Validation¶
Native Zig model validation -- 4.3x faster than Python dataclasses. SIMD-accelerated field validation, batch processing at 51M values/sec, and a complete Pydantic v2-compatible API.
HyperDjango's validation engine is self-contained in hyperdjango.validation.core (4,350 lines). It uses the compiled Zig native extension for hot-path validation (integer range, string length, email format) and falls back to pure Python for complex constraint types. The native extension is always required.
Model Validation¶
Models validate automatically on creation.

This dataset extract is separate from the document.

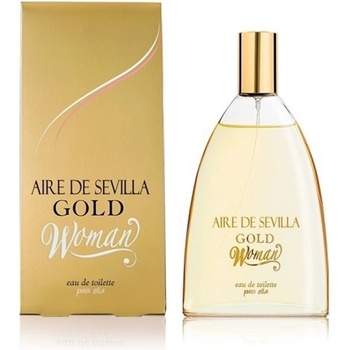 Image 1 of Instituto Español Aire de Sevilla Gold Woman EDT 150 ml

All type annotations and Field() constraints are checked in a single pass:
from hyperdjango import Model, Field
from hyperdjango.validation.core import EmailStr
class User(Model):
class Meta:
table = "users"
id: int = Field(primary_key=True, auto=True)
name: str = Field(max_length=100)
email: EmailStr = Field(unique=True)
age: int = Field(ge=0, le=150, default=0)
# Validates on creation
user = User(name="Alice", email="alice@example.com", age=30) # OK
# Raises ValidationError with all failures
user = User(name="A" * 200, email="bad", age=-1)

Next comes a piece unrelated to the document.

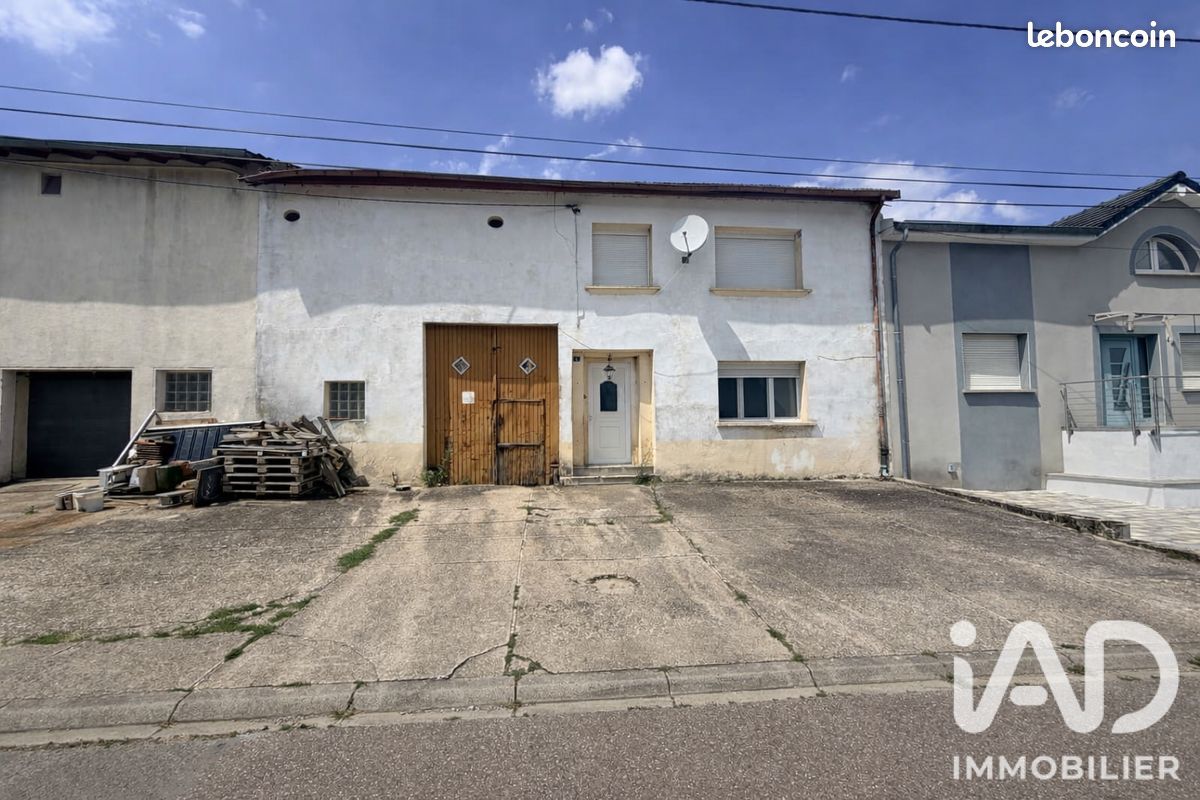 Maison 5 pièces 150 m² · à Oberdorff · 150 m² · 35 000 €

# ValidationError: Validation failed:
# name: String length 200 exceeds maximum 100
# email: Invalid email address: 'bad'
# age: Value -1 must be >= 0
Validation Flow¶
When a model instance is created, validation proceeds in this order:
- Type checking: each value is checked against its annotated type (
str,int,float,bool,Optional[T], etc.) - Before-validators:
@field_validator(mode='before')functions run on raw input - Type coercion: values are coerced to the target type if
strict=False(default) - Constraint validation:
Field()constraints are applied (ge,le,max_length,pattern, etc.) - After-validators:
@field_validator(mode='after')functions run on validated values - Model validators:
@model_validator(mode='after')runs on the complete model instance
If the native extension is compiled, steps 2-4 are handled by compile_model_specs + init_model_full in Zig -- a single FFI call that validates all fields at once (1.6M models/sec).
Native Acceleration Pipeline¶
The native validation uses two Zig functions:
compile_model_specs(field_specs): Pre-compiles field constraint specifications into an optimized internal representation. Called once per model class at import time.init_model_full(compiled_specs, field_values): Validates all field values against compiled specs in a single FFI call. Called on every model instantiation.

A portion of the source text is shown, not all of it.